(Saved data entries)
--------------------------------------------------

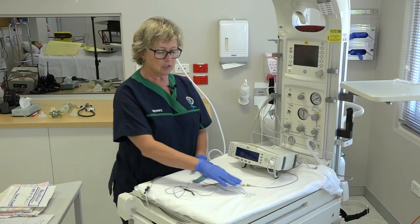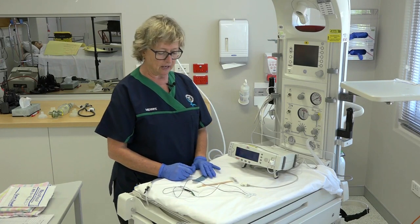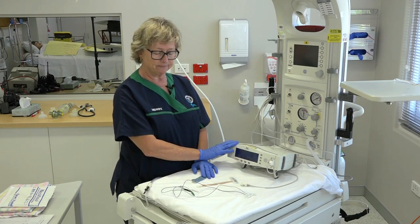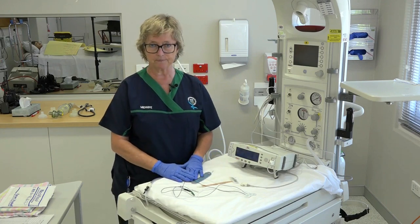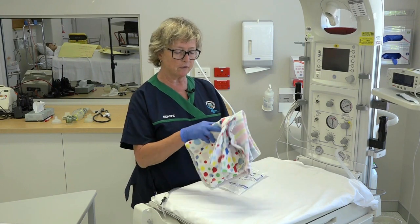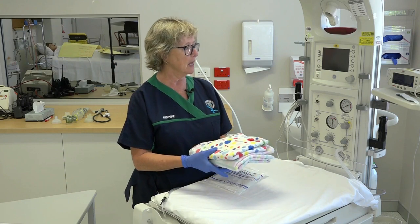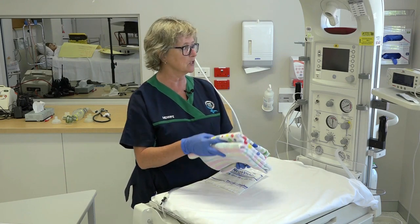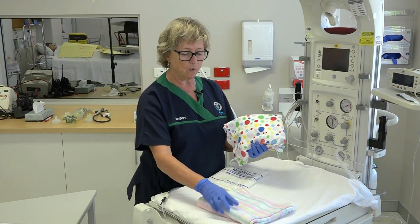It may well be that you have a three-lead ECG available, but it shouldn't be used in preference to oxygen saturation — you must always have the oxygen saturation available. It's important to keep the baby warm during resuscitation, including minimizing any drafts and perhaps keeping the baby away from a wide outside window.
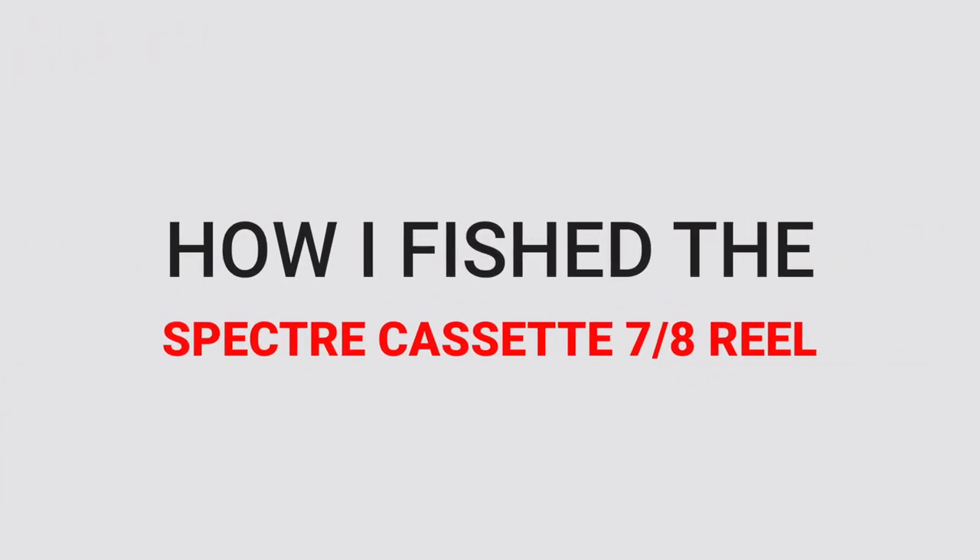Before we start with this review, I have to let you guys know that Snowbee did send us this fly reel to test and review, but in no way are we required to be positive about this product or any other product on this channel, whether we buy it for ourselves or if the manufacturer ships it to us. So I'm going to be 100% honest with you, list some pros and some cons as you'll see later in this video. So with that out of the way, let's get started by talking about how I was fishing the Spectre Cassette 7-8 reel.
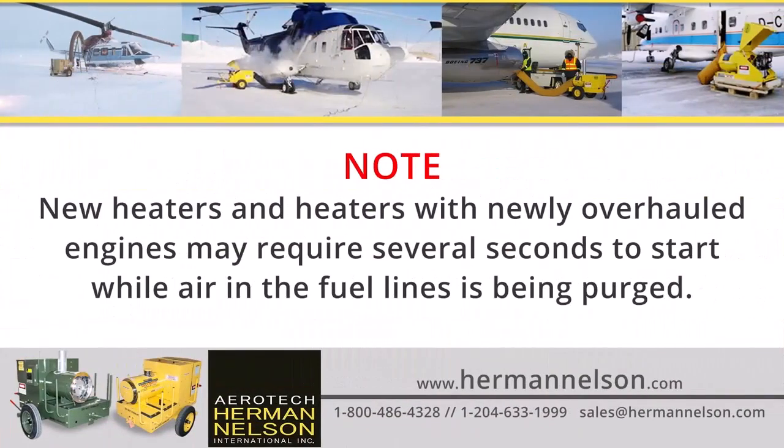New heaters and heaters with newly overhauled engines may require several seconds to start while air in the fuel lines is being purged.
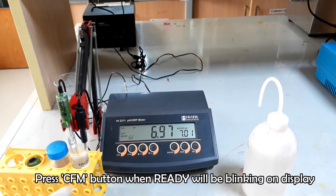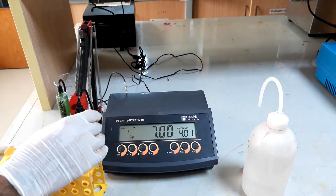When the ready word will be blinking on the display, press the CFM button quickly. Now remove the probe from the buffer 7.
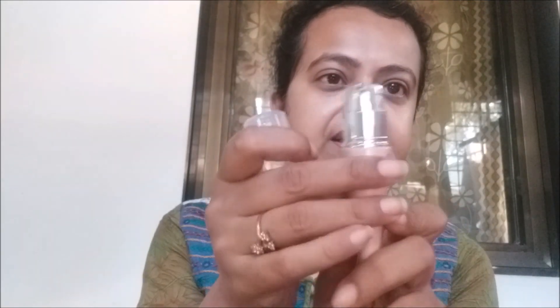The shade name will be written somewhere on the packaging and also in the description box below. This is the darkest shade, called Bare Light. The product retails for rupees 499 for 25 grams and it has SPF 30. Once you open the cover, it comes with silver packaging and it's actually a pump. The packaging looks quite secure and really pretty.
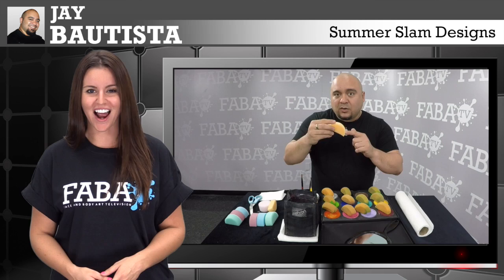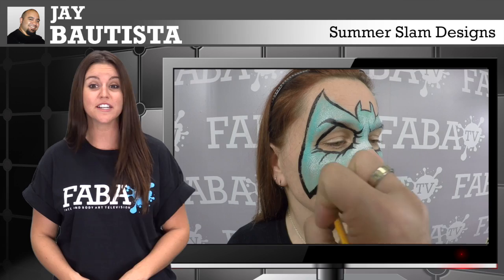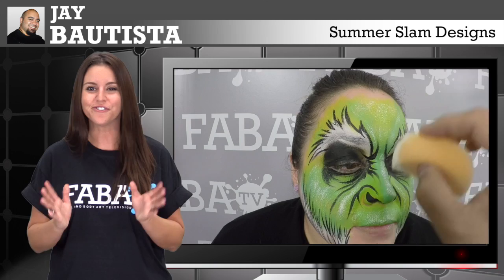Jay has a variety of masks ranging from Spider-Man, a colorful Batman, as well as a half-faced green monster and a full-faced zombie. With his amazing skills, you will have boys loving these designs.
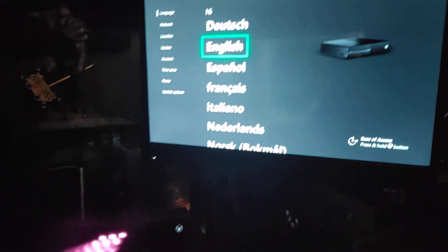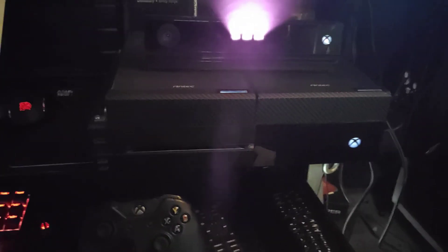So as you see, it's ready to go. I just wanted to show you that everything on this thing works. That's all, thanks.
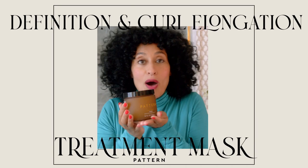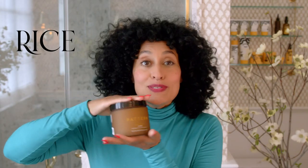This is the Pattern treatment mask. This is incredible. Rice water is an old ancient remedy that we have modernified and brought to you in the treatment mask with other nutrients.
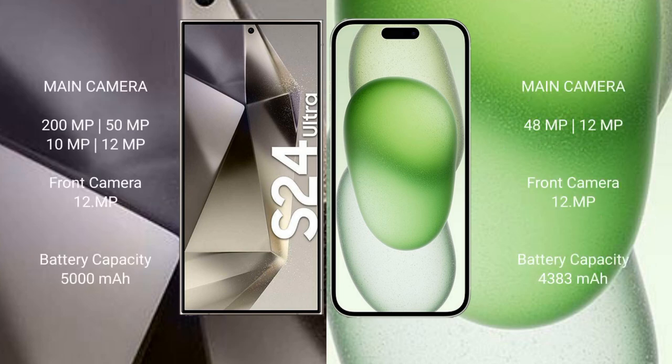Samsung Galaxy S24 Ultra features a quad camera setup: 200 megapixel, plus 50 megapixel, plus 10 megapixel, plus 12 megapixel. Front camera is 12 megapixels. Samsung Galaxy S24 Ultra has a 5000mAh battery with 45 watt fast charging support.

--------------------------------------------------

Without the images, output all the entries exactly as they stand.

**TASK ANSWER:**
It may well be that you have a three-lead ECG available, but it shouldn't be used in preference to oxygen saturation — you must always have the oxygen saturation available. It's important to keep the baby warm during resuscitation, including minimizing any drafts and perhaps keeping the baby away from a wide outside window.
Before we start with this review, I have to let you guys know that Snowbee did send us this fly reel to test and review, but in no way are we required to be positive about this product or any other product on this channel, whether we buy it for ourselves or if the manufacturer ships it to us. So I'm going to be 100% honest with you, list some pros and some cons as you'll see later in this video. So with that out of the way, let's get started by talking about how I was fishing the Spectre Cassette 7-8 reel.
New heaters and heaters with newly overhauled engines may require several seconds to start while air in the fuel lines is being purged.
When the ready word will be blinking on the display, press the CFM button quickly. Now remove the probe from the buffer 7.
The shade name will be written somewhere on the packaging and also in the description box below. This is the darkest shade, called Bare Light. The product retails for rupees 499 for 25 grams and it has SPF 30. Once you open the cover, it comes with silver packaging and it's actually a pump. The packaging looks quite secure and really pretty.
Jay has a variety of masks ranging from Spider-Man, a colorful Batman, as well as a half-faced green monster and a full-faced zombie. With his amazing skills, you will have boys loving these designs.
So as you see, it's ready to go. I just wanted to show you that everything on this thing works. That's all, thanks.
This is the Pattern treatment mask. This is incredible. Rice water is an old ancient remedy that we have modernified and brought to you in the treatment mask with other nutrients.
Samsung Galaxy S24 Ultra features a quad camera setup: 200 megapixel, plus 50 megapixel, plus 10 megapixel, plus 12 megapixel. Front camera is 12 megapixels. Samsung Galaxy S24 Ultra has a 5000mAh battery with 45 watt fast charging support.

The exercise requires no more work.